De ahí ese cartel con el “Tengo miedo. L.”, ¿no?

Costó mucho que metiera esa frase, no quería, temía que le vieran como a un cobarde. Le preguntábamos que es lo que sentía con la llegada del nuevo siglo y lo que sentía era pánico porque no entendía nada de lo que venía.

¿Miedo también a dejar de hacer películas?

En la última secuencia, el personaje de Piccoli deja la bicicleta -que es una metáfora del cine- y el mendigo la recoge, esa fue la manera que tuvo Luis de decir yo he terminado aquí, ahora os toca a vosotros. Es decir, él tenía asumido que aquella era su última película y es algo que no le afectó. Es verdad que luego hizo El sueño de la maestra (2002) y que después, cuando todavía estaba lúcido, decidimos hacer una serie de cortometrajes sobre las ceremonias (bautizos, comuniones, bodas, entierros) y empezamos con los funerales. Durante una comida diseñamos lo que podía ser el esqueleto de una película sobre la muerte y me animó a que hiciera el guion. Cuando lo terminé, él ya había sufrido su segunda caída y no podía seguir adelante con ningún proyecto por lo que aquello quedó aparcado. Cuando falleció, llamé a todos los amigos técnicos y actores que, de manera altruista, participaron en el rodaje de lo que fue El aprovechamiento industrial de los cadáveres (Antonio Gómez Rufo, 2012).

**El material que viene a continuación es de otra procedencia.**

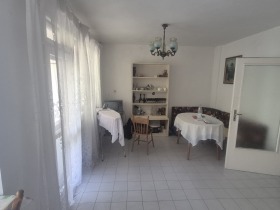 ������� 4-����� | Imot.bg � ����� ������ 5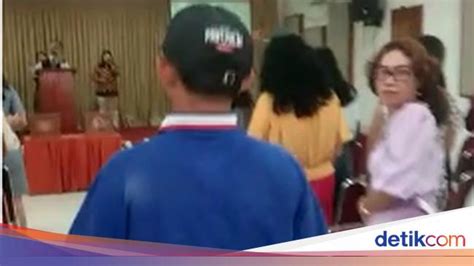 Kronologi Jemaat Kristen Bandar Lampung Dilarang Beribadah Di Gereja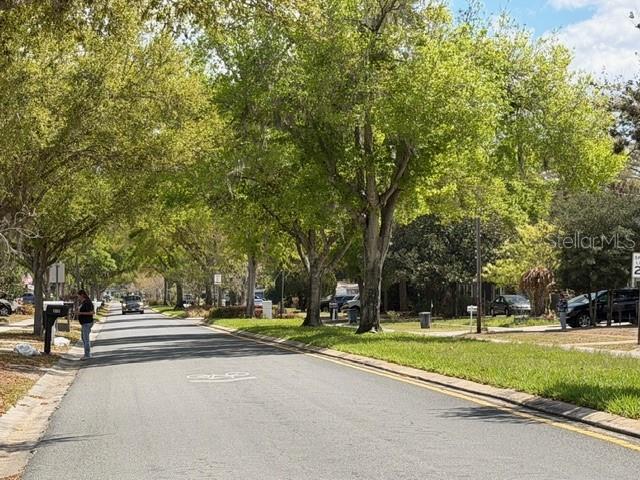 208 WILSHIRE DR, CASSELBERRY, FL, 32707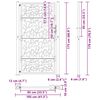 Produktminiatyrbild 11 av 11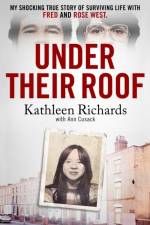Under Their Roof af Kathleen Richards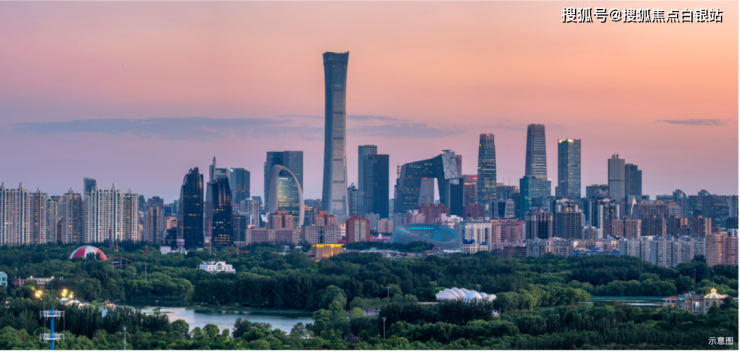 北京璞瑅隐园-售楼电话|楼盘详情|房价|户型图一览-白银搜狐焦点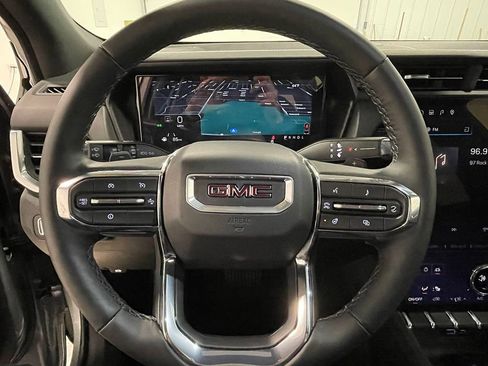 Used 2026 GMC Terrain Elevation FWD image 32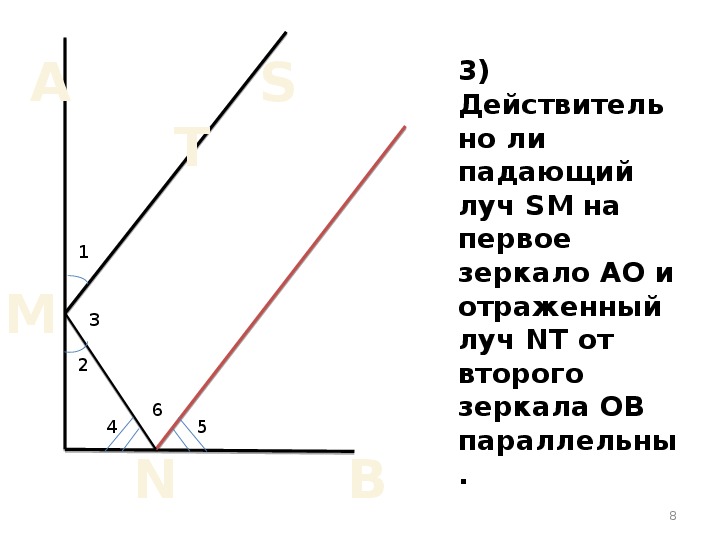 Мероприятие по теме "Прямоугольный треугольник" (7 класс, геометрия)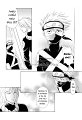 5569_Oneshot_VUJYP_Child_without_name_13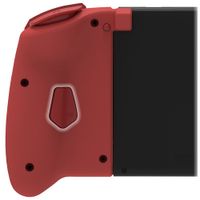 HORI Split Pad Pro Controller for Switch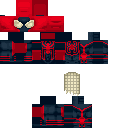 Spider-Man Unlimited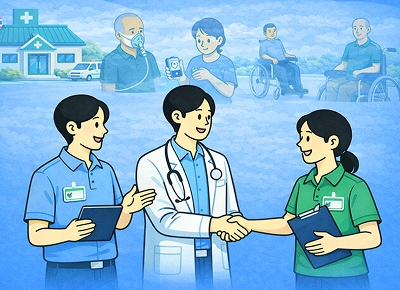 การพัฒนาข้อเสนอเชิงนโยบายการพัฒนาระบบบริการสุขภาพผู้ป่วยโรคเรื้อรังในโรงพยาบาลส่งเสริมสุขภาพตำบลที่ถ่ายโอนไปสังกัดองค์การบริหารส่วนจังหวัด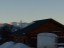 20140202_170003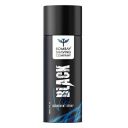 Bombay Shaving company deodrant (Black Vibe)...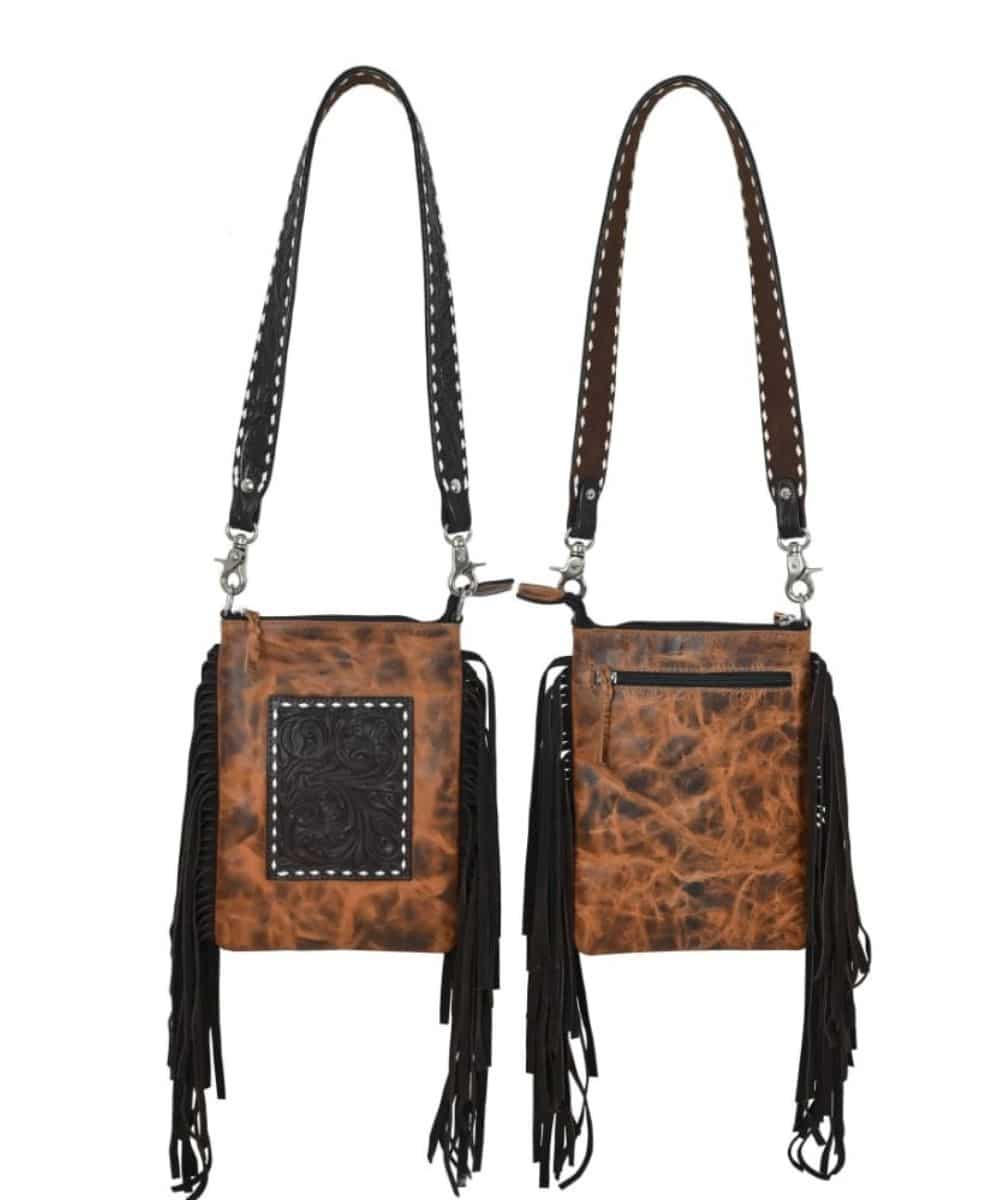 BL703BN ! desc :  ! caption :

Si el hubiera estado bien, seguramente hubiéramos hecho esa serie de cortos que habíamos previsto.

¿Cómo era Berlanga en los rodajes?

Durante los rodajes estaba absolutamente concentrado en lo que hacía, pero cuando gritaba corten desconectaba de la película y nos poníamos a hablar del Tour de Francia o de las chicas del rodaje. Siempre se ha hablado del caótico Luis y eso es absolutamente falso. Él se acostaba por la noche y en su cabeza diseñaba la secuencia del día siguiente y lo hacía casi como un director teatral: él sabía los movimientos de todos los actores por bloques (los de delante, los de detrás y los del fondo) y sabía por dónde tenía que ir la cámara. Al día siguiente, sobre todo si eran planos secuencia, los ensayaba durante un día como si de una función se tratase, daba las instrucciones al equipo técnico y después rodaba. De hecho, hacía repetir tomas porque le encantaba fastidiar a los actores. Recuerdo que, en La vaquilla (1985), Alfredo Landa terminó encabronado y es normal, porque Luis les hizo bajar la cuesta como treinta veces cuando él sabía que la toma buena era la primera. Repetía una secuencia quince veces y luego decía “que se positiven la uno, la siete, la nueve y la doce” y sabías que, con la mala memoria que tenía, lo estaba diciendo al tuntún porque él tenía claro cuál era la toma buena que, normalmente, solía ser la primera. Y lo hacía para ver si los actores le daban algo más, algo que no estuviera en el guion, pero Luis las secuencias las tenía medidas al milímetro. Así que, de director caótico, nada de nada. Esa fama le viene por su vagancia: era alguien que trabajaba mucho para quitarse la tarea de encima lo más pronto posible y poder dedicarse a lo que de verdad le gustaba.

Que no era el cine, …

No recuerdo si está escrito en la biografía o no, pero a mí la frase de Berlanga que más me ha impactado en la vida, la que más me hizo pensar, la pronunció un día creo recordar que en una comida. Me dijo: “yo he sido célebre por la segunda cosa que más me ha gustado en la vida, que es el cine, pero nunca por la primera”. Que alguien como él te confiese que no ha podido conseguir lo que más ha ansiado en la vida me dejó tocado, y me llevó a preguntarme cómo era posible estar frustrado siendo Luis García Berlanga, alguien a quien la gente paraba en la calle para hablar con él, aunque dijera que nadie le hacía caso. Eso mi hizo reflexionar mucho y llegué a la conclusión de que uno tiene que dedicarse a lo que realmente quiere.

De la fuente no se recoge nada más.